Ans. Big Data is an asset, while Hadoop is an open-source software program, which accomplishes a set of goals and objectives to deal with that asset. Hadoop is used to process, store, and analyze complex unstructured data sets through specific proprietary algorithms and methods to derive actionable insights. So yes, they are related but are not alike.

Why is Hadoop used in Big Data analytics?

Ans. Hadoop is an open-source framework in Java, and it processes even big volumes of data on a cluster of commodity hardware. It also allows running many exploratory data analysis tasks on full datasets, without sampling.

Features that make Hadoop an essential requirement for Big Data are –

Massive data collection and storage
Data processing
Runs independently

What is the command for starting all the Hadoop daemons together?

Ans. The command for starting all the Hadoop daemons together is –

./sbin/start-all.sh

What are the most common input formats in Hadoop?

Ans. The most common input formats in Hadoop are –

Key-value input format
Sequence file input format
Text input format

What are the different file formats that can be used in Hadoop?

Ans. File formats used with Hadoop, include –

CSV
JSON
Columnar
Sequence files
AVRO
Parquet file

Name the most popular data management tools used with Edge Nodes in Hadoop.

Ans. The most commonly used data management tools that work with Edge Nodes in Hadoop are –

Oozie
Ambari
Pig
Flume

Name the modes in which Hadoop can run.

Ans. Hadoop can run on three modes, which are –

Standalone mode
Pseudo Distributed mode (Single node cluster)
Fully distributes mode (Multiple node cluster)

What is the functionality of the ‘jps’ command?

Ans. The ‘jps’ command enables us to check if the Hadoop daemons like namenode, datanode, resourcemanager, nodemanager, etc. are running on the machine.

What is a Mapper?

Ans. Mapper is the first code responsible for migrating or manipulating the HDFS block stored data into key and value pair. There is one mapper for every data block on HDFS.

Mention the basic parameters of a Mapper.

Ans. A Mapper is –

LongWritable and Text
Text and IntWritable

What is Hadoop streaming?

Ans. Hadoop Streaming is a generic API that enables a user to create and run Map/Reduce jobs with any executable or script or any programming language like Python, Perl, Ruby, etc. Spark is the latest tool for Hadoop streaming.

What is NAS?

Ans. NAS is the abbreviation for Network-Attached Storage (NAS). It is a file-level computer data storage server, which is connected to a computer network. It offers data access to a heterogeneous group.

What is Avro Serialization in Hadoop?

Ans. Avro Serialization in Hadoop is the process through which objects or data structures states are translated into binary or textual form.
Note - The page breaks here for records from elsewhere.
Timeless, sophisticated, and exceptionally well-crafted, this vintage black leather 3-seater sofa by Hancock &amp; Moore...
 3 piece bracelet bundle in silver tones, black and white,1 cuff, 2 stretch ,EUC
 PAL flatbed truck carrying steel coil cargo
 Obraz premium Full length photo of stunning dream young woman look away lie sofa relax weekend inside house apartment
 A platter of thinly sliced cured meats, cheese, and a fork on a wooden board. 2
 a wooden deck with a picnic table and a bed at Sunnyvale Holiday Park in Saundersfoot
This is done to transport the data over the network or to store on some persistent storage. Avro Serialization is known as marshaling while deserialization in Avro is called unmarshalling.

What is HDFS and what are its components?

Ans. HDFS or Hadoop Distributed File System runs on commodity hardware and is highly fault-tolerant. HDFS provides file permissions and authentication and is suitable for distributed storage and processing. It is composed of three elements, including NameNode, DataNode, and Secondary NameNode.

What is FSCK?

Ans. FSCK or File System Check is a command used by HDFS. It checks if any file is corrupt, has its replica, or if there are some missing blocks for a file. FSCK generates a summary report, which lists the overall health of the file system.

What are the differences between NAS and HDFS?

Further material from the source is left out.